Elucidating the role of the state of Pd in the H2-SCR of NOx by operando XANES and DRIFTS†
Abstract
The selective catalytic reduction (SCR) of NOx with hydrogen is an attractive strategy for NOx removal when H2 is used as a sustainable fuel in combustion engines. However, the pathway suffers from a strong overconsumption of H2via direct oxidation to water. In order to improve the understanding of the SCR mechanism with H2 as the reductant, the state of the active metal, the reactive surface intermediates, and the conditions which are suited for efficient SCR need to be uncovered. A 1%Pd/5%V2O5/20%TiO2–Al2O3 catalyst was investigated using operando X-ray absorption spectroscopy (XAS) and diffuse reflectance infrared Fourier-transform spectroscopy (DRIFTS) to track the temperature dependent structure and state of Pd, as well as its gradients and surface intermediates. XAS shows that NO reduces oxidized Pd, forming metal-support interfacial nitrates according to DRIFTS. Partially reduced Pd becomes oxidized by reducing interfacial NOx species to Pd-nitrosyls. Limitations for the H2-SCR of NOx arise from the balance of adsorbed Pd–NO and activated H2, which is dependent on Pd state. The bulk metallic Pd which forms above 250 °C causes a runaway activation of H2, further reduction of Pd, and loss of nitrosyls on Pd.
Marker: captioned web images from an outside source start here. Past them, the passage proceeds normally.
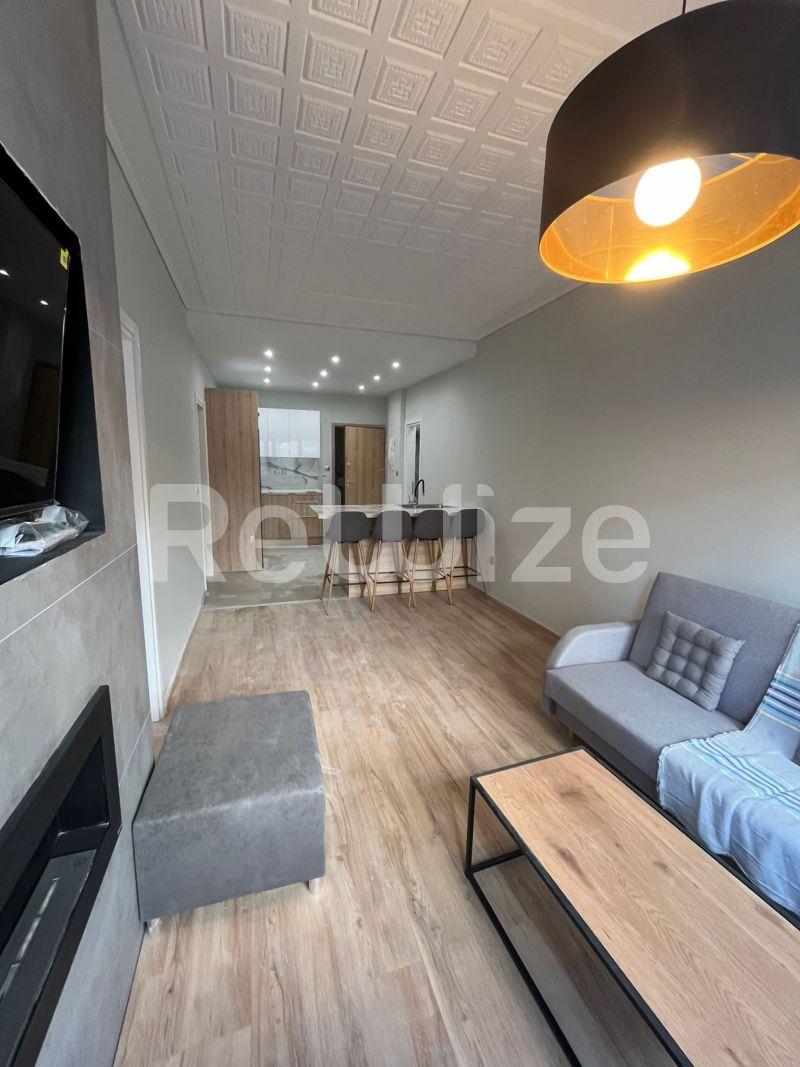 Photo 14,Living Room,SALE,Residency,Apartment,52sqm,€250,000,Ag. Konstantinos - Plateia Vathis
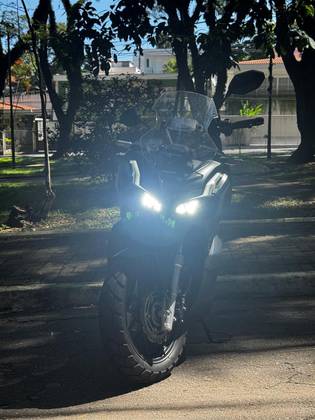 HONDA ADV HONDA ADV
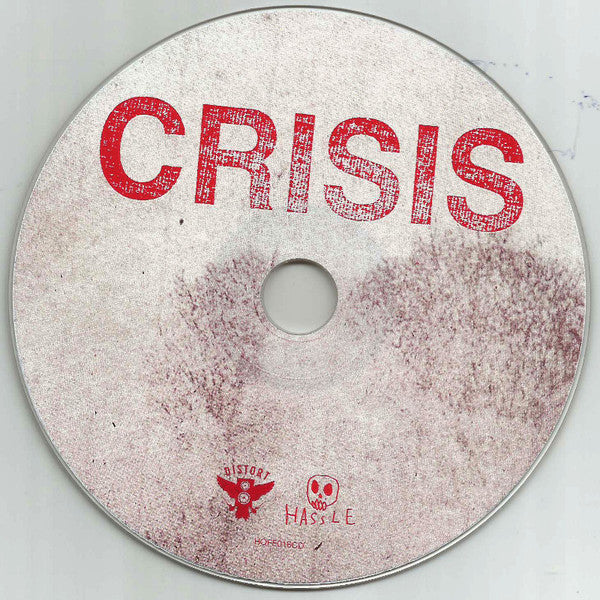 Alexisonfire : Crisis (CD, Album)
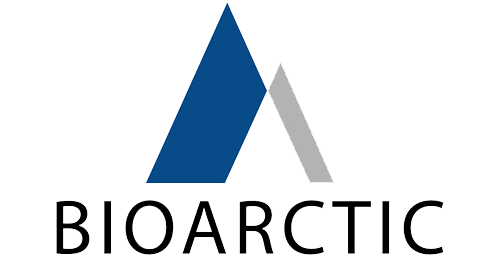BioArctic logo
The highest activity occurs when Pd is oxidized enough to promote metal-support interfacial nitrates and also reduced enough to convert these nitrates to Pd-nitrosyls. The storage of NOx and formation of NHx on vanadia–titania permits conversion of NO at high temperatures, but does not counteract the deactivation of Pd. In conclusion, activation of H2 is favored on metallic sites, but must be moderated to allow for PdO being present as well.